I think the only way to resolve this is the way most people do, and the way I did most of my life, until quite recently, when we stopped travelling. You have about twenty records that you really love, and Just about know by heart; it's the old desert island thing: which ten books, which twenty records would you take if you were going to be isolated for a year? And that's it. You can listen to the Bartok String Quartets every day for a year, and find something different each time. Or Bach, or whatever. Or many jazz records.

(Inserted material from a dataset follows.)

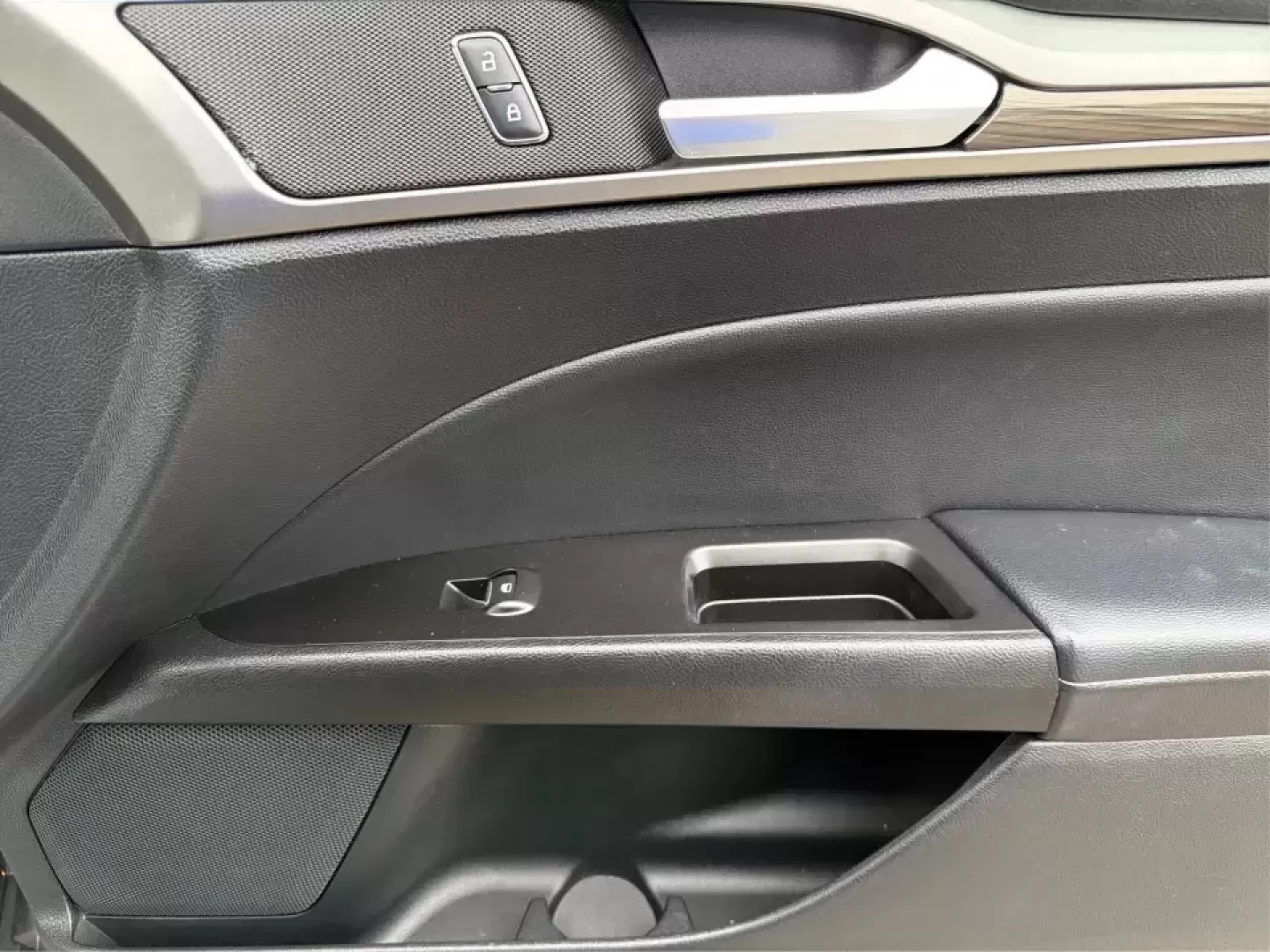 2017 Ford Fusion SE (3FA6P0H98HR) with an 2.0L L4 DOHC 16V engine, 6A transmission, located at 4508 South Dixie Dr, Moraine, OH, 45439, (937) 908-9800, 39.689976, -84.218452 - Picture your next week: a smooth, quiet commute down South Dixie Drive, quick errands to the Dayton Mall area, and a comfortable weekend drive toward Carillon Historical Park or a Reds day trip-without feeling like you're overpaying for a sedan that can't keep up. This 2017 Ford Fusion SE in sleek M - Photo#20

Unavoidably, anyway, a lot of the things that come out aren't all that good. If you make records, ultimately—no matter who you are; this applies for absolutely everybody that I can think of—you put out an album, and there's got to be something in there that you're not really knocked out with, but you've got to get that twenty–one minutes per side. They can't all be gems. Nobody is that perfect. Classical music makes more sense, obviously, because you can get different versions of the same thing. But when you start checking off jazz names, because Miles has a new record, or Bill Evans, or whoever you happen to like ... in most cases, you can rely on it. In some cases—no. You get this record and say: "Hmm, okay—once through, and that'll do it for me."

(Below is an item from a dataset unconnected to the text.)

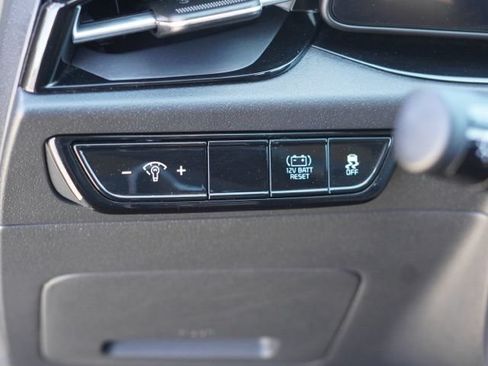 Used 2025 Kia Niro EX FWD image 19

Actually, I'm on the verge of applying some discipline to my listening, since they came out with the Dolby cassette system. Come to think of it, that was invented over here, wasn't it? It's a noise–reduction process, but it seems unique in that it's one of the very few electronic advances I know of that, in many cases, was available in home equipment before it became available in studio equipment. Apparently, it can be done quite easily on a small machine, at quite a reasonable cost—maybe £100. Whereas to convert an entire studio, with the monster sixteen-track or thirty-two-track that they have these days, that is a monumental job, and many of the studios are only now catching up to using it.

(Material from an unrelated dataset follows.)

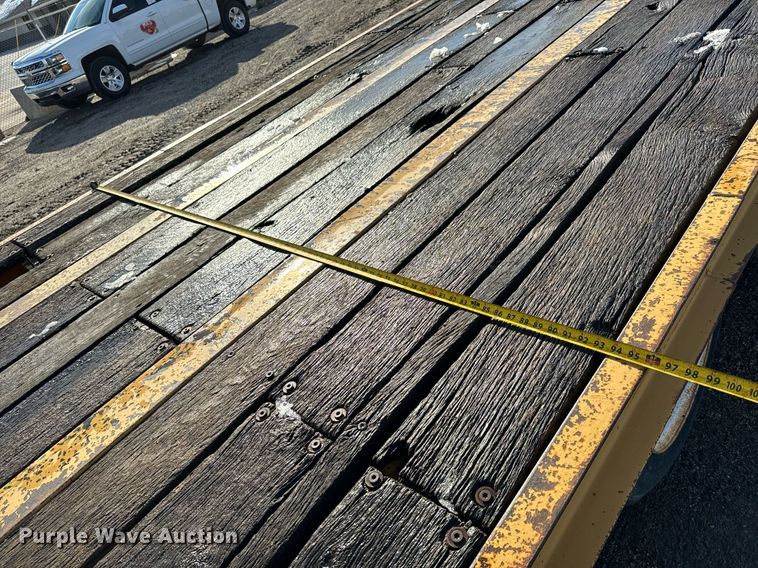 image for item GG9994 2002 Keifer IHPC1929 equipment trailer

But with a Dolby cassette, you can tape a record, and it will literally sound better than the original—it cuts down the surface noise.  Besides which, you have other advantages: it's on a cassette, and it's not going to get scratched or warped or anything like that. Also, you can go through your records, picking out those little jazz gems. No matter whose record it is, or who you are, it's almost certain you'll have different tastes; there'll be something that bores you to sleep the first time you hear it, as well as something you can listen to a lot. You just put all the winners on one cassette; that solves the problem.

I listen to more classical music than jazz. In my choice of favourite composers, I'm afraid I haven't advanced very much throughout the years; they're pretty much the same ones that they were when I started with Dave. I like the Baroque composers, by and large; some of the Romantics. I'm not too crazy about the really heavier ones. And vocal music always drives me up the wall; I don't like to hear people singing opera, for instance—it's a total lost cause for me. Choral sounds are fine, yes—as long as they aren't individual voices. I can appreciate some fantastic qualities of the real superstars, but even so, when they assemble the whole bunch of them for the definitive version of "Tristan And Isolde" or whatever—I am out the window.

I really enjoy Stravinsky, obviously, and Bartok, Ravel, Debussy, Charles Ives—sort of up to what would be considered contemporary music, I suppose. I get off the train pretty much when it gets too far-out. By the same token, the most outrageous jazz of today leaves me cold—absolutely. Even some of the not so outrageous jazz I'm not too crazy about.